From: Greg Kroah-Hartman <gregkh@linuxfoundation.org>
To: linux-kernel@vger.kernel.org
Cc: Greg Kroah-Hartman <gregkh@linuxfoundation.org>,
stable@vger.kernel.org, Joe Lawrence <joe.lawrence@stratus.com>,
Mathias Nyman <mathias.nyman@linux.intel.com>
Subject: [PATCH 4.6 27/31] xhci: Fix handling timeouted commands on hosts in weird states.
Date: Wed, 6 Jul 2016 18:19:17 -0700 [thread overview]
Message-ID: <20160707011558.615027047@linuxfoundation.org> (raw)
In-Reply-To: <20160707011557.518104444@linuxfoundation.org>
4.6-stable review patch. If anyone has any objections, please let me know.
------------------
From: Mathias Nyman <mathias.nyman@linux.intel.com>
commit 3425aa03f484d45dc21e0e791c2f6c74ea656421 upstream.

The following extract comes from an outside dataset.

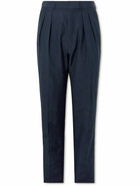 TOM FORD - Atticus Straight-Leg Pleated Silk-Blend Suit Trousers - Blue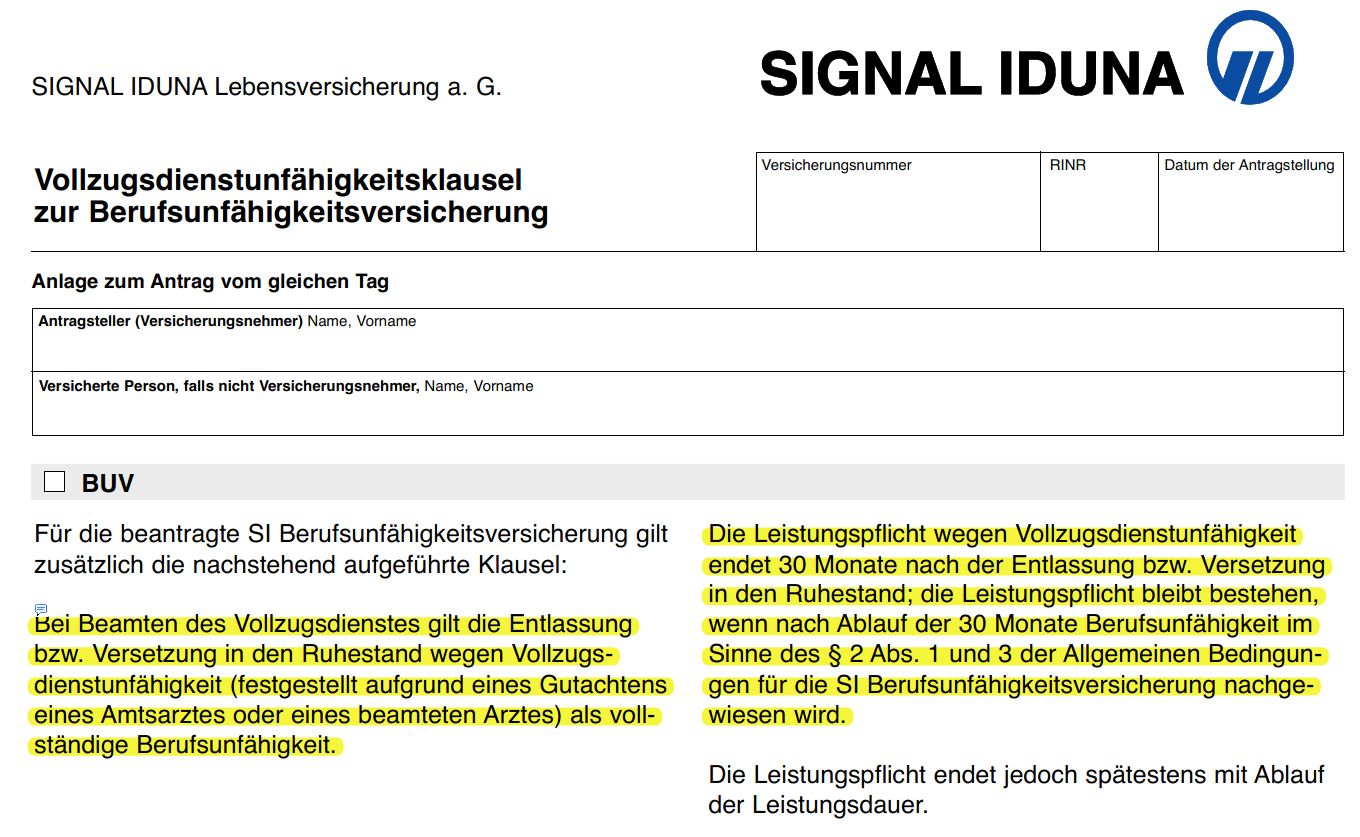 Signal Iduna Villzugsdienstklausel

If commands timeout we mark them for abortion, then stop the command
ring, and turn the commands to no-ops and finally restart the command
ring.
If the host is working properly the no-op commands will finish and
pending completions are called.
If we notice the host is failing, driver clears the command ring and
completes, deletes and frees all pending commands.
There are two separate cases reported where host is believed to work
properly but is not. In the first case we successfully stop the ring
but no abort or stop command ring event is ever sent and host locks up.

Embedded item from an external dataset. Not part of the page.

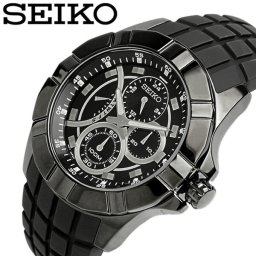 SEIKO セイコー 腕時計 メンズ マルチカレンダー レトログラード ラバーベルト 100M防水 ブラック 多機能 クオーツ SRL071P1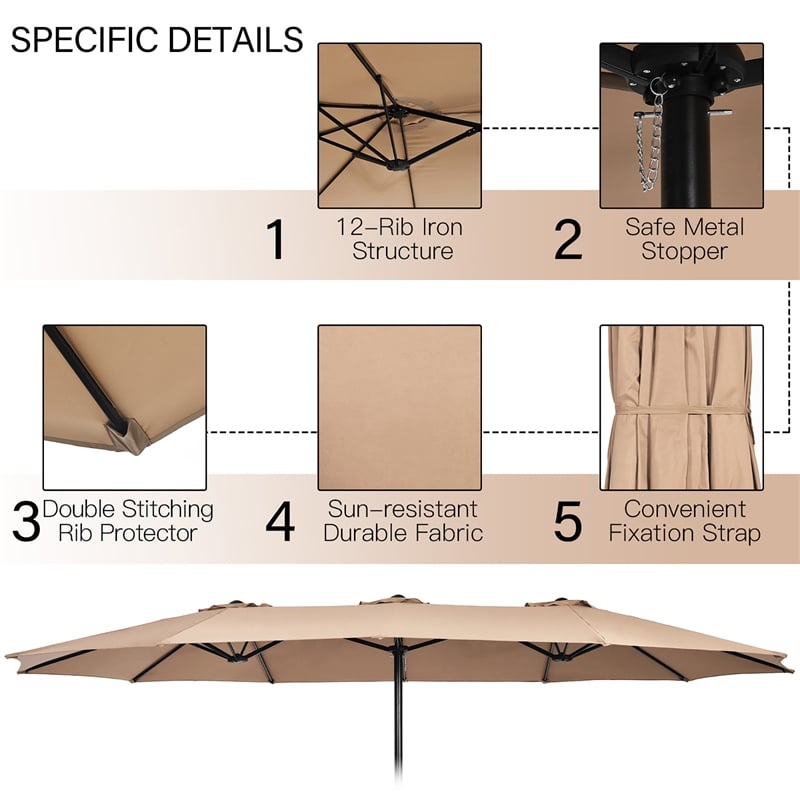 15 Ft Patio Double Sided Umbrella Outdoor Market Umbrella Coffee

The second case is if a host is removed, command times out and driver
believes the ring is stopped, and assumes it will be restarted, but
actually ends up timing out on the same command forever.
If one of the pending commands has the xhci->mutex held it will block
xhci_stop() in the remove codepath which otherwise would cleanup pending
commands.
Add a check that clears all pending commands in case host is removed,
or we are stuck timing out on the same command. Also restart the
command timeout timer when stopping the command ring to ensure we
recive an ring stop/abort event.
Tested-by: Joe Lawrence <joe.lawrence@stratus.com>
Signed-off-by: Mathias Nyman <mathias.nyman@linux.intel.com>
Signed-off-by: Greg Kroah-Hartman <gregkh@linuxfoundation.org>
---
drivers/usb/host/xhci-ring.c | 27 ++++++++++++++++++++++-----
1 file changed, 22 insertions(+), 5 deletions(-)

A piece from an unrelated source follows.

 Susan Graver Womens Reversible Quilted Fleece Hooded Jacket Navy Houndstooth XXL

--- a/drivers/usb/host/xhci-ring.c
+++ b/drivers/usb/host/xhci-ring.c
@@ -290,6 +290,14 @@ static int xhci_abort_cmd_ring(struct xh
temp_64 = xhci_read_64(xhci, &xhci->op_regs->cmd_ring);
xhci->cmd_ring_state = CMD_RING_STATE_ABORTED;
+
+ /*
+ * Writing the CMD_RING_ABORT bit should cause a cmd completion event,
+ * however on some host hw the CMD_RING_RUNNING bit is correctly cleared
+ * but the completion event in never sent. Use the cmd timeout timer to
+ * handle those cases. Use twice the time to cover the bit polling retry
+ */
+ mod_timer(&xhci->cmd_timer, jiffies + (2 * XHCI_CMD_DEFAULT_TIMEOUT));
xhci_write_64(xhci, temp_64 | CMD_RING_ABORT,
&xhci->op_regs->cmd_ring);
@@ -314,6 +322,7 @@ static int xhci_abort_cmd_ring(struct xh
xhci_err(xhci, "Stopped the command ring failed, "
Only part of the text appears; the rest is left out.